* [ASSIGNMENT]: Pictures are to be left out; every line from the one with "The Georgia Hour - REPLAY - June 20, 2025" through the end of the data must be transcribed exactly.

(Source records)
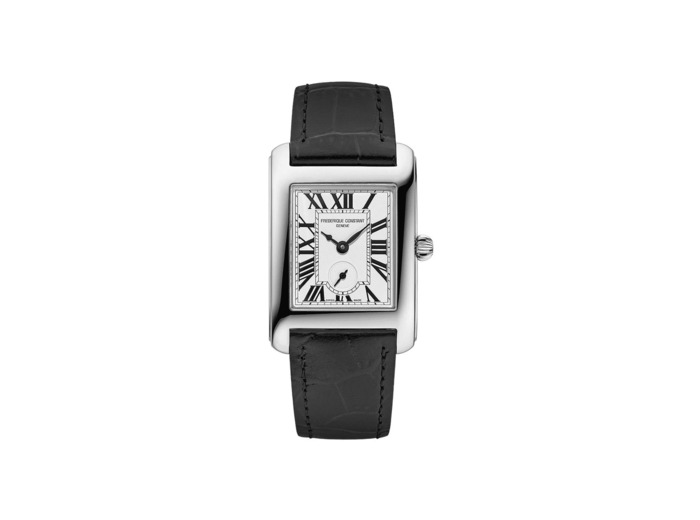 Montre Frédérique Constant Classics Carrée Small Seconds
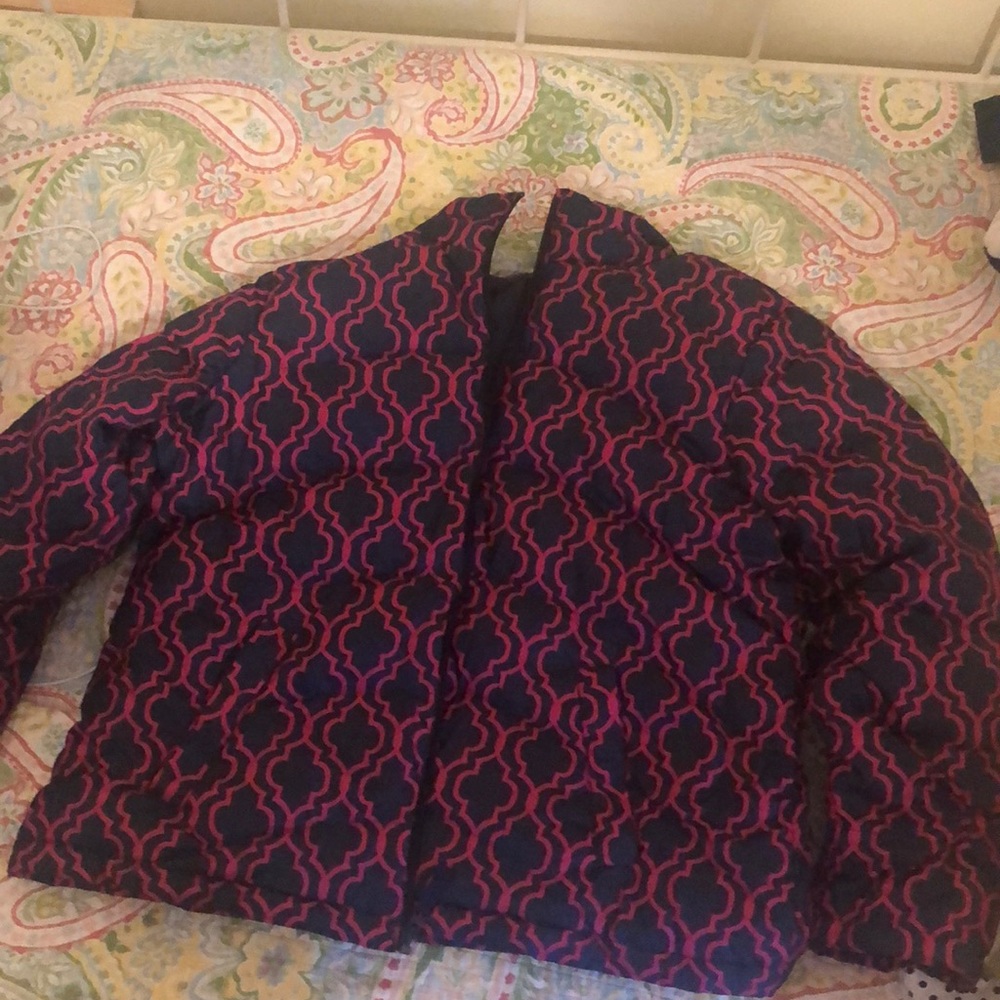 Land’s End Coat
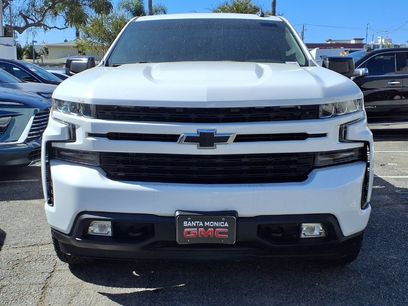 Used 2020 Chevrolet Silverado 1500 RST w/ All-Star Edition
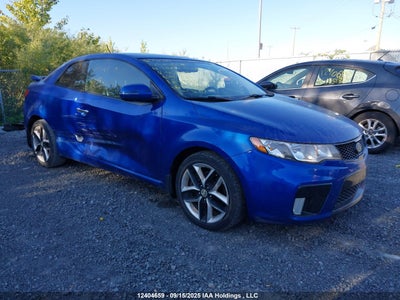 KIA FORTE KOUP 2011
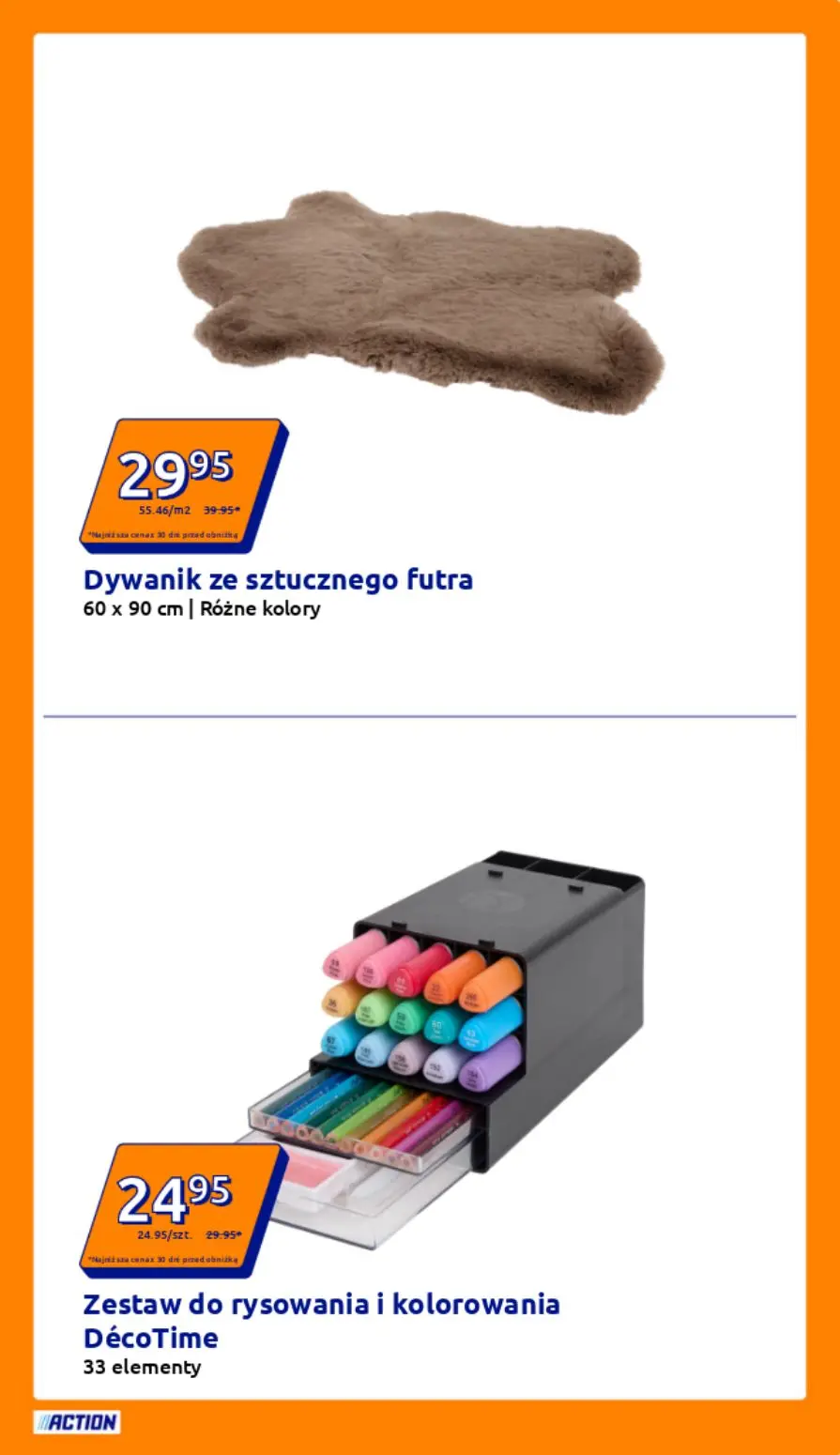 gazetka promocyjna Action Promocje tygodnia - Strona 7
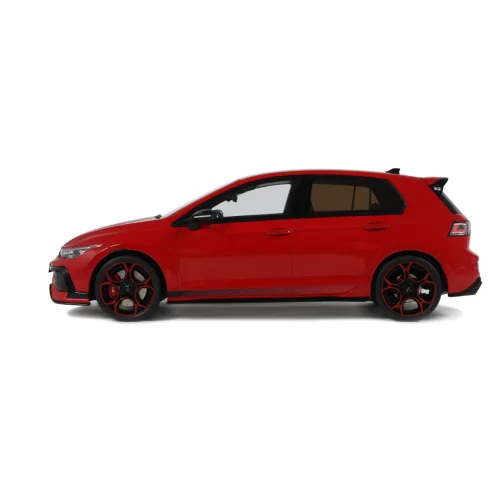 1/18 VOLKSWAGEN GOLF MK.8 GTI 50TH EDITION TORNADO RED 2024 OT1322 OTTOMOBILE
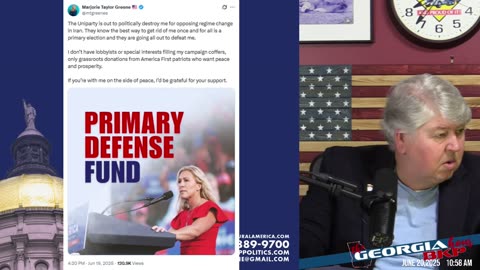 The Georgia Hour - REPLAY - June 20, 2025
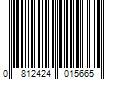 Barcode Image for UPC code 0812424015665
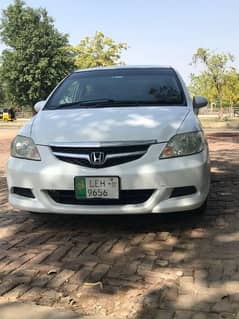 Honda City IDSI 2007
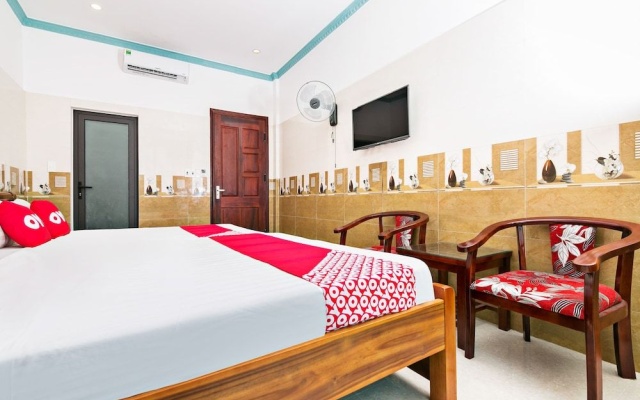 OYO 854 Ha Trung Motel – Guest Rooms – Da Nang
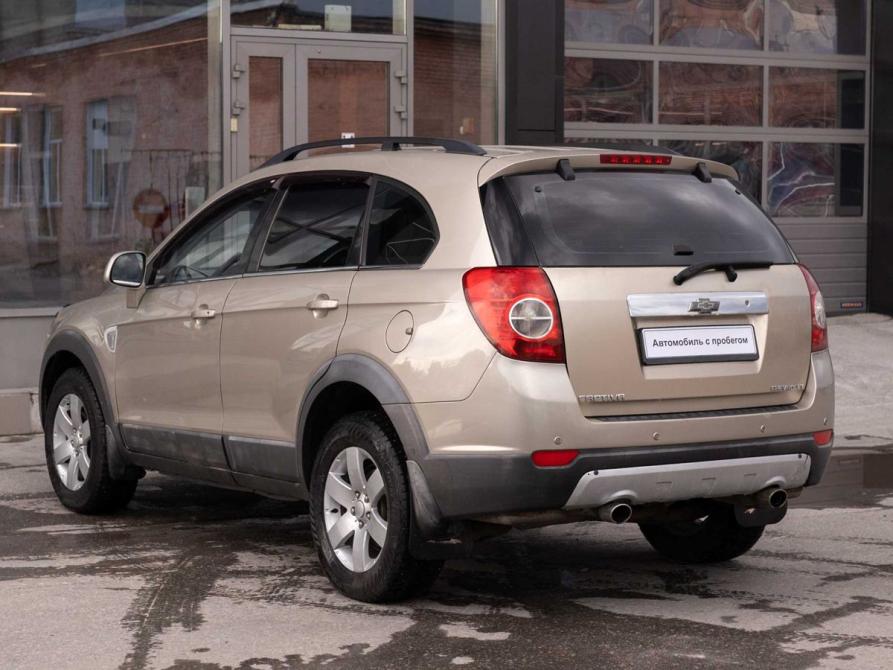 Chevrolet Captiva I Новосибирск  - изображение 7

* [EXERCISE RESULT]:
 The Georgia Hour - REPLAY - June 20, 2025
 Barcode Image for UPC code 0812424015665
 Honda City IDSI 2007
 OYO 854 Ha Trung Motel – Guest Rooms – Da Nang
 Chevrolet Captiva I Новосибирск  - изображение 7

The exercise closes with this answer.